27- O dedi ki: “Doğru mu söyledin, yoksa yalancılardan mısın, bakacağız. (Test edeceğiz)” (Neml Suresi 27)

 

25.5- İslam Topluluğu Oluşturmada İzlenecek Diplomasi

Cenab-ı Hak, kurulacak devletin çatısı altında toplanmaya davet edilecek kabile ve uluslara uygulanacak diplomasi konusunda elçisini ve mümin kadroları yine Hz.Süleyman @ kıssası üzerinden şöyle aydınlatır;

“Öncelikle şirk içerisinde olan kabile ve ulusların yöneticileri İslam / barış topluluğuna katılmaya davet edilmelidir. Yapılacak katılım davetinde İslam / barış topluluğu temel paradigmasının “besmele” metaforunda belirtilen “Rahmaniyet ve Rahimiyet” prensipleri olduğu vurgulanmalıdır. Yani kurulacak toplulukta paylaşma, vergili olma, şefkat, merhamet, rahmet, sevgi, koruma, güvenlik, gelişme, affedicilik vb. temel paradigmaların esas olduğu bildirilmelidir. Bu paradigmalar Cenab-ı Hakk’ın “Rahman ve Rahim” isimlerinin yönetimdeki tecellileridir. İslam Devletinin bu paradigmaları esas alan bir topluluk oluşturacağı ve bu amaca ulaşmak üzere bütün kabile ve ulusların bu paradigmaları esas alan bir topluluk oluşturmaya davet edildiği açık açık ortaya konmalı ve onlar bu paradigmaları kabul etmeye çağrılmalıdır. Böylece davet edilen kabile ya da uluslar katılacakları devletin kendilerine çok güçlü koruma, güvenlik, nimetlerde paylaşım, zenginlik, rahmet, sevgi, kardeşliği taahhüt ettiğini ve bunların kendilerinin menfaatine olduğunu bileceklerdir. Öğretilen bu dersler Medine İslam Cumhuriyeti kurulduğunda hemen hayata geçirilmiştir. Medine çevresindeki kabileler Cenab-ı Hakk’ın “Rahman ve Rahim” isimlerinin tecellisi olan esaslar üzerine kurulmuş olan Medine İslam Cumhuriyetine katılmaya davet edilmişlerdir.

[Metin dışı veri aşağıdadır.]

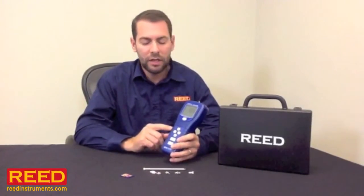Hi, I'm Jeff Spada with Reed Instruments and I want to tell you about our SD6020 Data Logging Force Gauge. This unit can measure both tension and compression, it has a 20 kilogram capacity, and you can set it up to measure in kilograms, pounds, or newtons.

Ayrıca bu kıssada hitap şekline ilişkin dersler de verilmektedir. Şöyle ki; davet edilen kabile, ulus ve imparatorluklara karşı hitapta asla bir eziklik içerisinde olunmamalı tam tersine davet ettiği paradigmaların sahibine (Cenab-ı Hakk’a) nispetle son derece öz güvenli olmalıdır. Hz.Süleyman’ın@ Belkıs’a yazdığı davet mektup örneğinde olduğu gibi Hakk’ın üstünlüğü nedeniyle karşı tarafı ezici bir üslup taşımalıdır. ‘Bana karşı kibir, gurur ve büyüklük taslamayın’ şeklindeki Hz.Süleyman’ın@ hitabı Belkıs’ın bütün dengelerini bozucu bir algı yaratmıştır. Günümüze kadar ulaşan mektupları incelenecek olursa Hz.Muhmmed@ de son derece kendine güvenli ve muhataplarına üst perdeden hitap ettiği görülmektedir. Bu mektuplarda muhataplarına en üst perdeden hitap etmesi peygamberimizin Cenab-ı Hakk’ın kendisine bu kıssa ile verdiği dersi aldığını göstermektedir. Üst perdeden bir hitapla Hakk olan paradigmalara çağrı yapmak, çağrı sahibini çok saygın ve şerefli bir konuma yükselteceğini de Cenab-ı Mevla bu kıssa ile elçisine ve bizlere öğretir.”

 

28- 31- (O Devamla) “Şu mektubumu götür, onu kendilerine bırak, sonra bir kenara çekil ve bak / izle bakalım, nasıl bir sonuca varacaklar.” Melike (Belkıs) dedi ki: “Ey ileri gelenler, bana kesinlikle çok saygın / şerefli / önemli bir mektup bırakıldı. Süleyman’dan bir mektup. Rahman ve Rahim olan Allah adına hitap ederek şunları söylüyor: Bana karşı büyüklük taslamaya kalkmayın. Teslim olarak / Müslüman olarak huzuruma gelin.” (Neml Suresi 28-31)

 

Cenab-ı Mevla davete muhatap olan kabile, ulus ve imparatorlukların liderlerinin kendilerine yapılacak davete ilişkin olarak kendi ileri gelenlerinin görüşlerine başvuracağı ve onların görüşleri doğrultusunda hareket edeceklerini bildirir. Davete konu paradigmaların doğrulğundan bağımsız olarak davet edenin niyetinin samimi olup olmayacağının sorgulanacağı devlet yönetiminde açık bir kuraldır. Basiretli hiçbir devlet ya da kabile yöneticisi bu tür müttefiklik / barış topluluğu / birlik davetlerine balıklama atlamaz ve karşı tarafın bu davetteki samimiyetini ölçer. Basiretsiz ve ayartılmış yöneticiler ancak bu tür teklifleri değerlendirmeden beyinsizce hareket ederler.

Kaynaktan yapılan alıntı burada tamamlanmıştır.